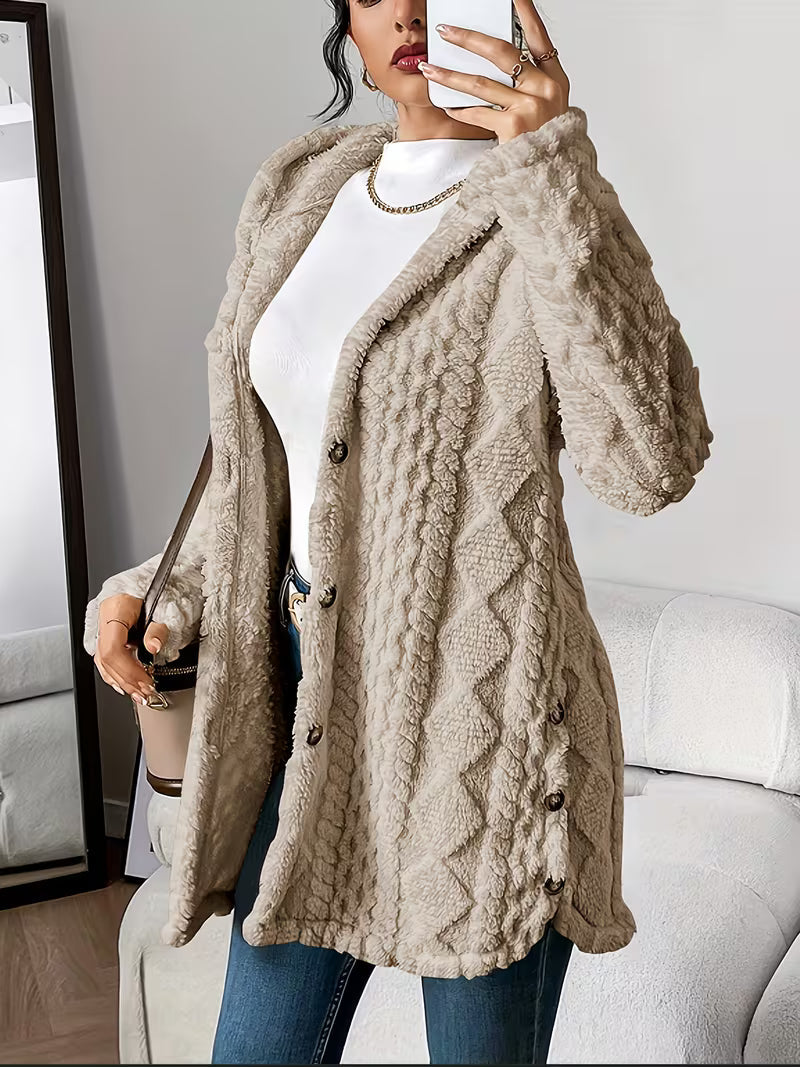 Women's Elegant Oversized Blazer | Long Sleeve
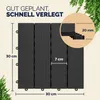 DEUBA® WPC Fliesen 30x30 cm Stecksystem Zuschneidbar Produktbild-Vorschau 2
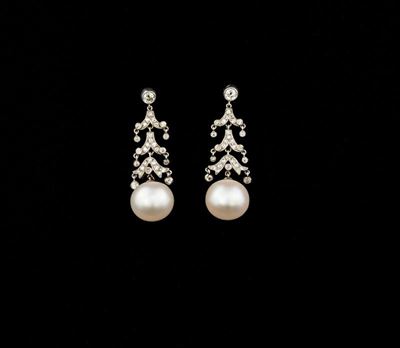Orecchini in Platino e Perle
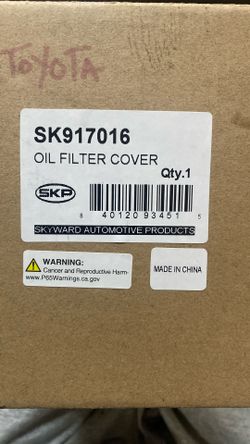 Toyota Oil Filter Cover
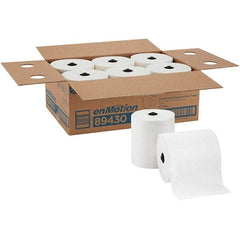 Georgia Pacific - Hard Roll of 1 Ply White Paper Towels - 8-1/4" Wide, 700' Roll Length - Industrial Tool & Supply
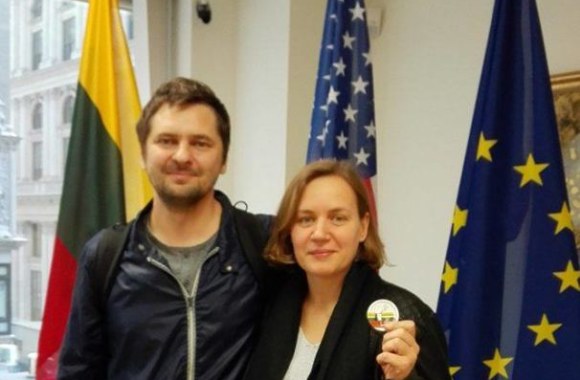 Kastytis Sarnickas-Kastetas su žmona Jurgita JAV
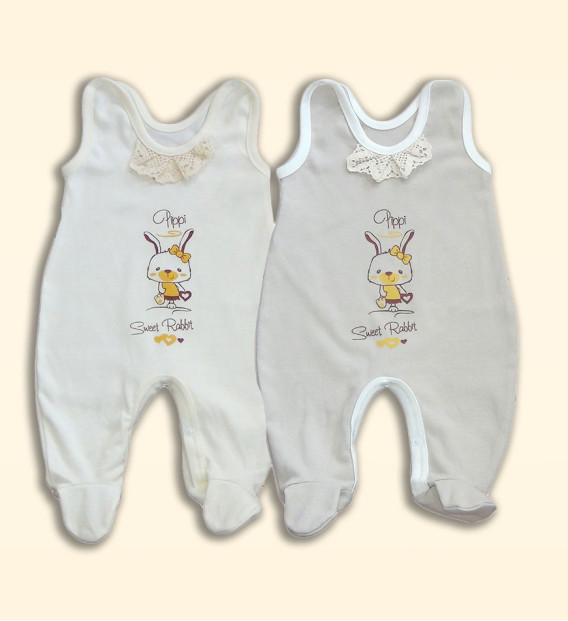 Śpiochy rozpinane Kolekcja ECO Rabbit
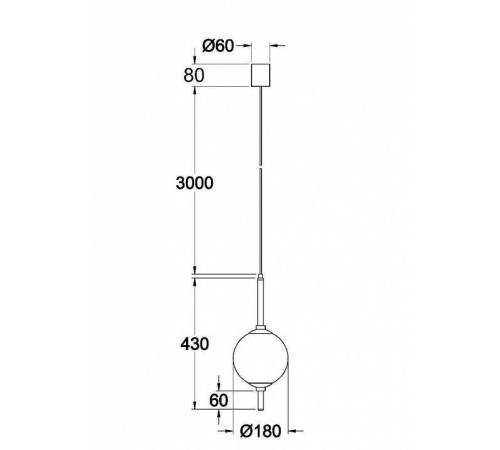 Подвесной светильник Maytoni The Sixth Sense Z020PL-L6B3K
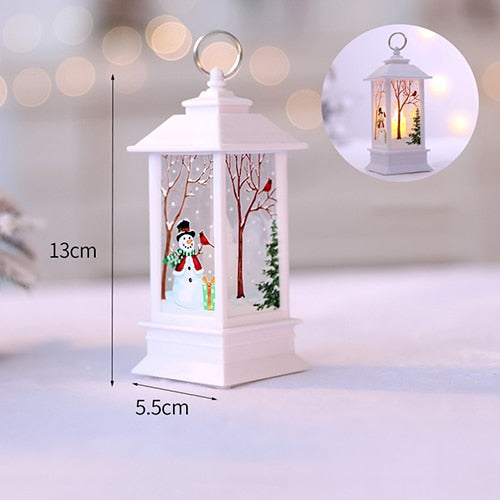 Lanterne de Noël LED bougie électronique lampe de table lumière de nuit pour les personnes âgées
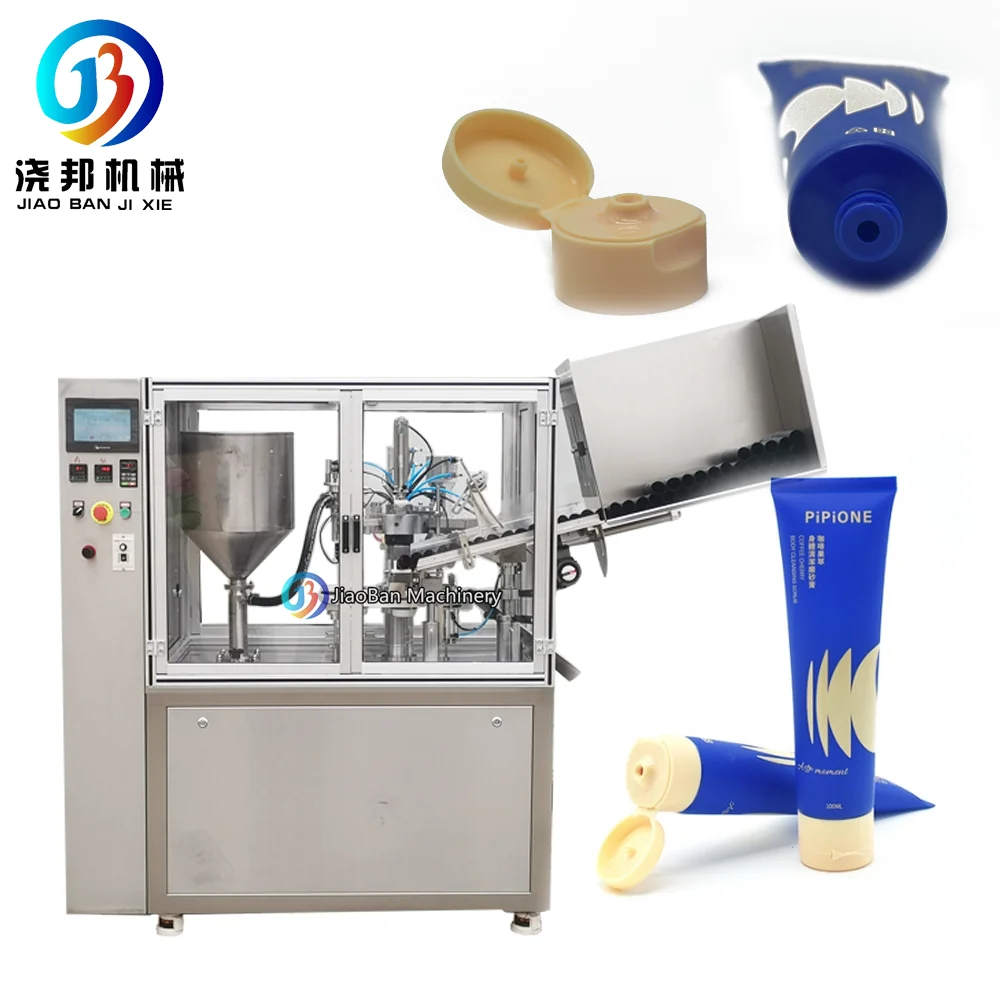 JB-100FW Automatic Plastic Cosmetic Cream Tube Filling Sealing Machine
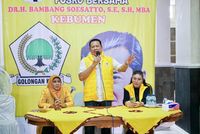 Resmikan Posko Bersama Caleg Golkar, Bamsoet Beri Pesan Soal Pemilu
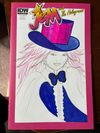 (SOLD OUT) "SHE'S GOT THE POWER" AUTOGRAPHED HAND DRAWN JEM COMIC BOOK COVER 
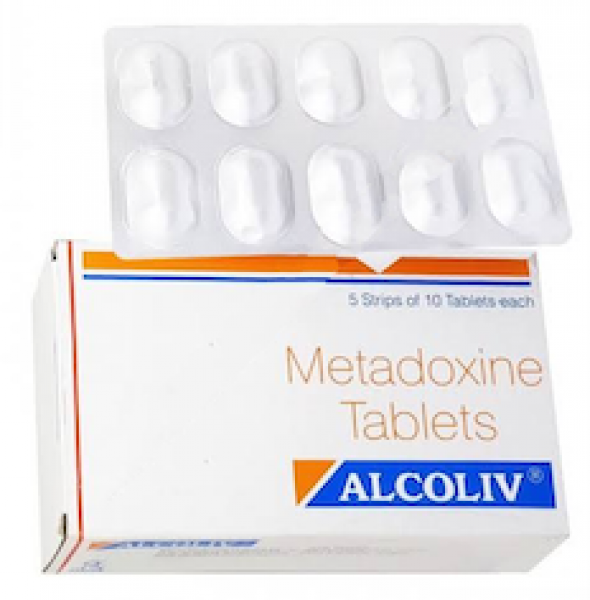 A strip of generic Metadoxine 500mg Pill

----------------

*WORK INSTRUCTIONS*:
Provide an exact copy of only the lines from the beginning of the entries through the line containing "Śpiochy rozpinane Kolekcja ECO Rabbit", both ends included, with no pictures.

*WRITTEN ANSWER*:
 Women's Elegant Oversized Blazer | Long Sleeve
 DEUBA® WPC Fliesen 30x30 cm Stecksystem Zuschneidbar Produktbild-Vorschau 2
Orecchini in Platino e Perle
 Toyota Oil Filter Cover
 Georgia Pacific - Hard Roll of 1 Ply White Paper Towels - 8-1/4" Wide, 700' Roll Length - Industrial Tool & Supply
 Kastytis Sarnickas-Kastetas su žmona Jurgita JAV
 Śpiochy rozpinane Kolekcja ECO Rabbit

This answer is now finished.